Here’s what Fast and Furious is all about – and for the uninitiated, be prepared for a shock. In 2009, the US government instructed Arizona gun sellers illegally to sell arms to suspected criminals. Agents working for the Bureau of Alcohol, Tobacco, Firearms and Explosives (ATF) were then ordered not to stop the sales but to allow the arms to “walk” across the border into the arms of Mexican drug-traffickers. According to the Oversight Committee’s report, “The purpose was to wait and watch, in hope that law enforcement could identify other members of a trafficking network and build a large, complex conspiracy case…. [The ATF] initially began using the new gun-walking tactics in one of its investigations to further the Department’s strategy. The case was soon renamed ‘Operation Fast and Furious.”

Tracing the arms became difficult, until they starting appearing at bloody crime scenes. Many Mexicans have died from being shot by ATF sanctioned guns, but the scandal only became public after a US federal agent, Border Patrol Agent Brian Terry, was killed by one of them in a fire fight. ATF whistle blowers started to come forward and the Department of Justice was implicated. It’s estimated that the US government effectively supplied 1,608 weapons to criminals, at a total value of over $1 million. Aside from putting American citizens in danger, the AFT also supplied what now amounts to a civil war within Mexico.

It’s important to note that the Bush administration oversaw something similar to Fast and Furious. Called Operation Wide Receiver, it used the common tactic of “controlled delivery,” whereby agents would allow an illegal transaction to take place, closely follow the movements of the arms, and then descend on the culprits. But Fast and Furious is different because it was “uncontrolled delivery,” whereby the criminals were essentially allowed to drop off the map. Perhaps more importantly, Wide Receiver was conducted with the cooperation of the Mexican government. Fast and Furious was not.

So Obama’s operation is subtly different. But just as concerning is the heavy-handed way that the administration has handled criticism. Obama says that the Oversight Committee has been hijacked by Republicans who would rather talk about politics than creating jobs (because Obama is oh so very good at generating those). But there has been Democratic criticism too, and the Prez’s determined defence of Holder will only encourage conspiracy thinking that the scandal has hidden depths. Executive privilege is usually associated with protecting information that passes through the Oval Office. What did the documents reveal about Obama’s association with the operation?

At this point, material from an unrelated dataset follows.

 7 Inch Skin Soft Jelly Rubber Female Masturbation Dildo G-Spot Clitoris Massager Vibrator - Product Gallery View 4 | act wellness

Again, it’s important to contextualise. Executive privilege has been invoked 24 times since Ronald Reagan, and attempts to over-ride it rarely reach the courts. Moreover, Holder’s request for executive privilege made no reference to White House involvement in Fast and Furious, which seems to have been run exclusively by the ATF. Nevertheless, by refusing to sack Holder or push him to come clean, Obama may have made a very Nixonian mistake.

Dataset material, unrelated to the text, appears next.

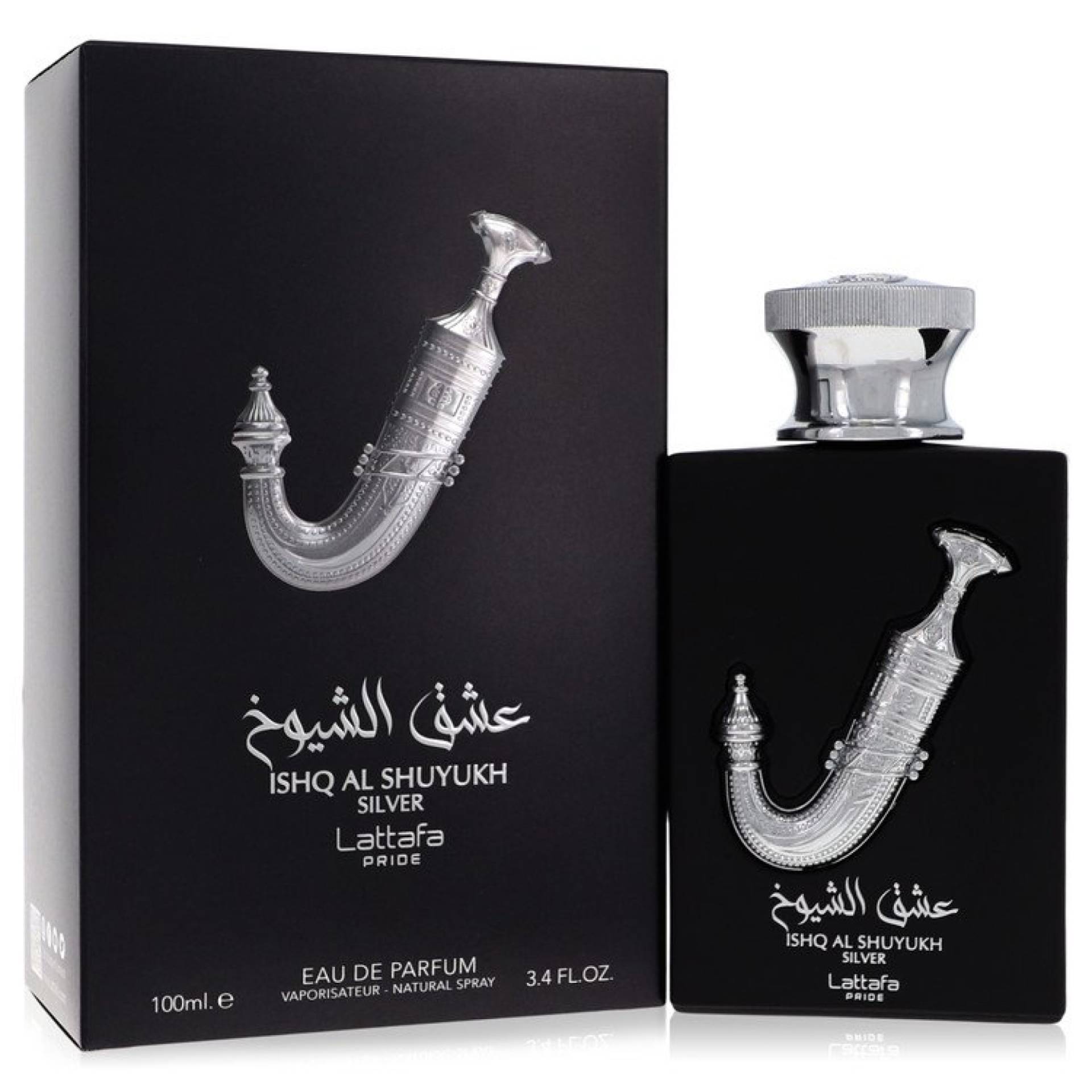 Lattafa Pride Ishq Al Shuyukh Silver Eau De Parfum Spray (Unisex) 101 ml von Lattafa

A lot of conservatives are writing at the moment that not only is Obama turning into Nixon Mark II, but Obama is worse because no one actually got killed during Watergate. The comparison is based on the myth that Nixon ordered the Watergate break in and that’s what he eventually had to resign over. But that’s not true. Nixon’s guilt was in trying to pervert the course of justice by persuading the FBI to drop its investigation of the crime. Mistake number one, then, was to involve the White House in covering up the errors of a separate, autonomous political department. Mistake number two was that when Congress discovered that evidence about the scandal might be recorded on the White House bugging system, Nixon invoked executive privilege to protect the tapes. In both cases, it was the cover up that destroyed Tricky Dick – not the original crime.

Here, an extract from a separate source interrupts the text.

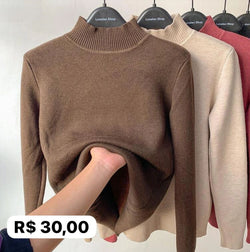 Plush Long Sleeve Blouse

And, forty years later almost to the day, here we have Obama making the same mistake. Perhaps it’s an act of chivalry to stand by Holder; perhaps it’s an admission of guilt. Either way, it sinks the Oval Office ever further into the swamp that is Fast and Furious. Make no mistake about: Fast and Furious was perhaps the most shameful domestic law and order operation since the Waco siege. It’s big government at its worst: big, incompetent and capable of ruining lives.